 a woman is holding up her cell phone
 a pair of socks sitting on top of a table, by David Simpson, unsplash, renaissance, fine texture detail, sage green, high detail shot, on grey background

...

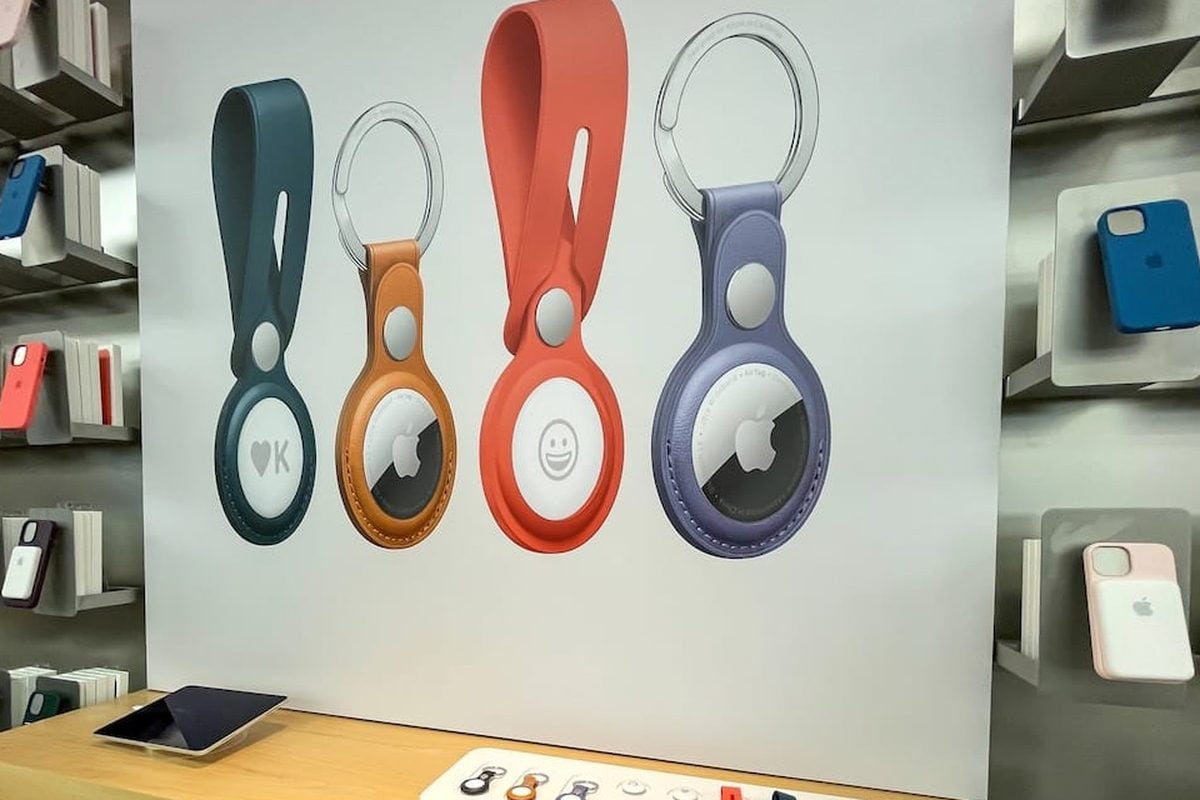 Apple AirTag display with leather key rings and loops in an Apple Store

--

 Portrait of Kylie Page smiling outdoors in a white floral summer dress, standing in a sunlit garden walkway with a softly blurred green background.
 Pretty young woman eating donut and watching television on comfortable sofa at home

About this exercise:
Set down, from the entries above, exactly the lines from the one with "a woman is holding up her cell phone" up to and including the one with "a pair of socks", and no other lines.

Solution:
 a woman is holding up her cell phone
 a pair of socks sitting on top of a table, by David Simpson, unsplash, renaissance, fine texture detail, sage green, high detail shot, on grey background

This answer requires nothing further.